Image-text web data:
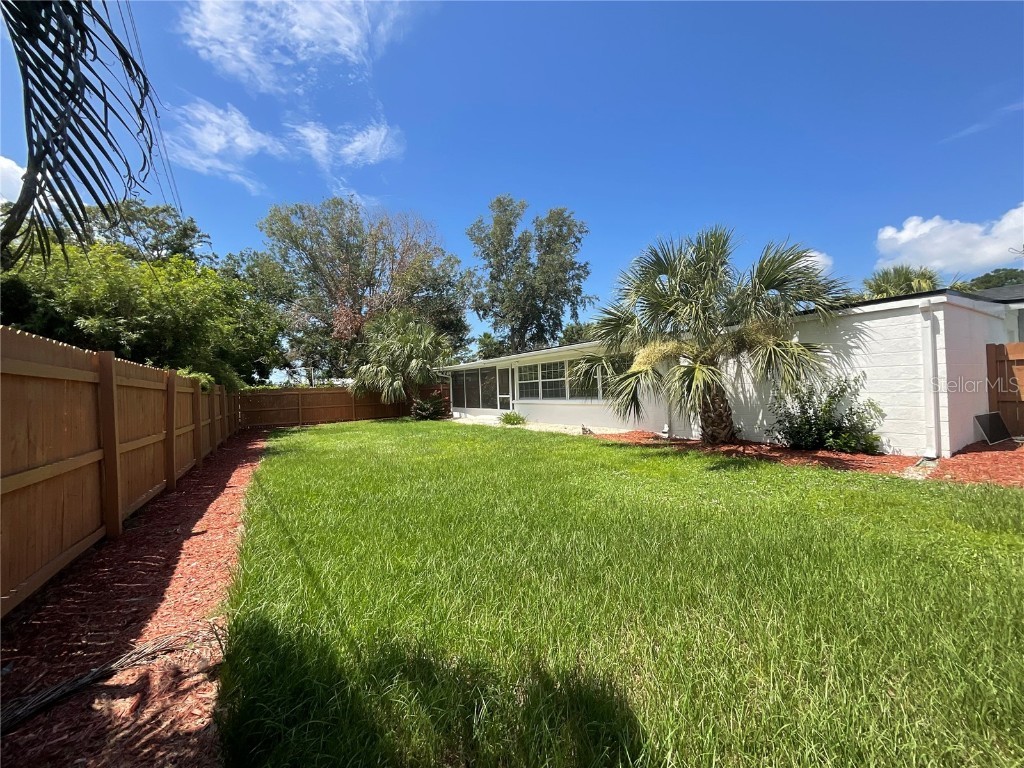 2837 Woodcrest Drive Sarasota FL 34239 TB8399198 image31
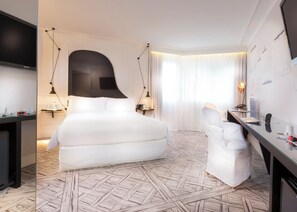 Premium bedding, minibar, in-room safe, desk - La Maison Champs Elysées (Paris)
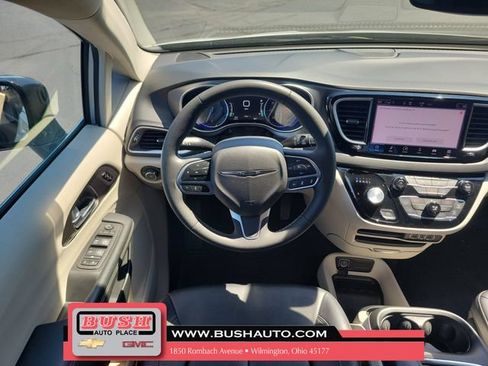 Used 2024 Chrysler Pacifica Touring-L FWD image 10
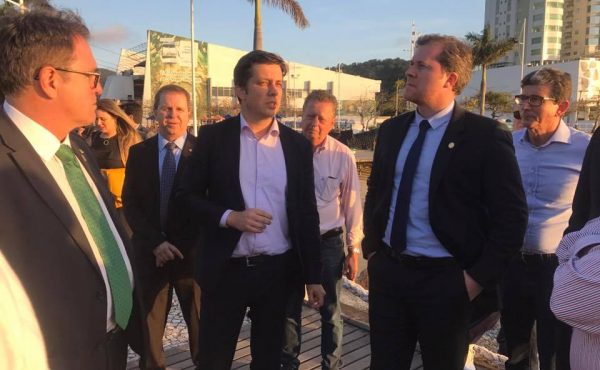 Ministro do Turismo Marx Beltrão em Balneário Camboriú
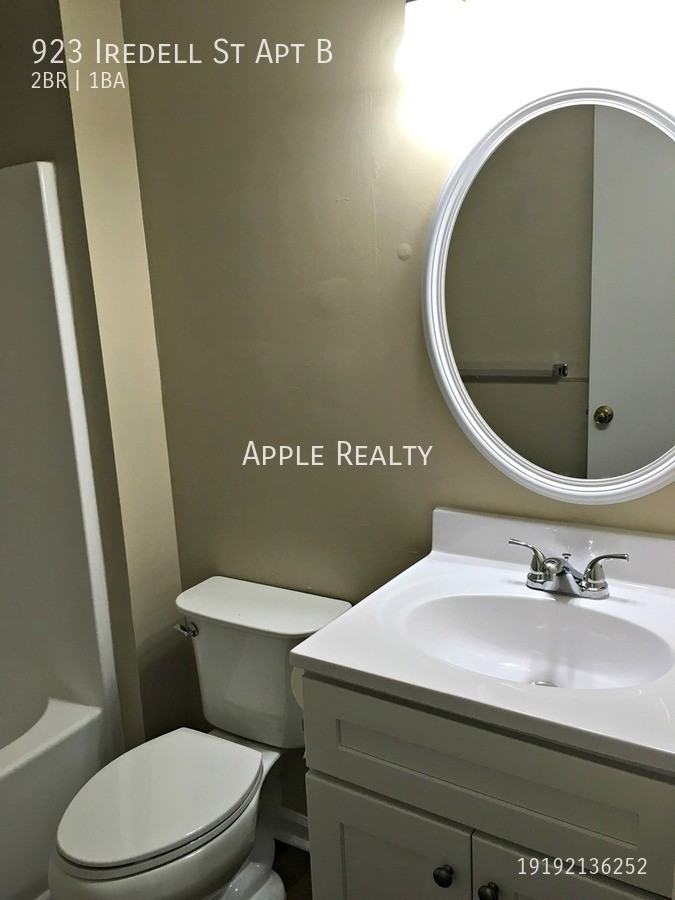 923 Iredell St Apt B #b - Photo 4 of 10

> Exercise instructions: Please transcribe word for word the lines from the one bearing "Premium bedding, minibar, in-room" through the last line of the records above, omitting the pictures.

> Solution for this problem:
 Premium bedding, minibar, in-room safe, desk - La Maison Champs Elysées (Paris)
 Used 2024 Chrysler Pacifica Touring-L FWD image 10
 Ministro do Turismo Marx Beltrão em Balneário Camboriú
 923 Iredell St Apt B #b - Photo 4 of 10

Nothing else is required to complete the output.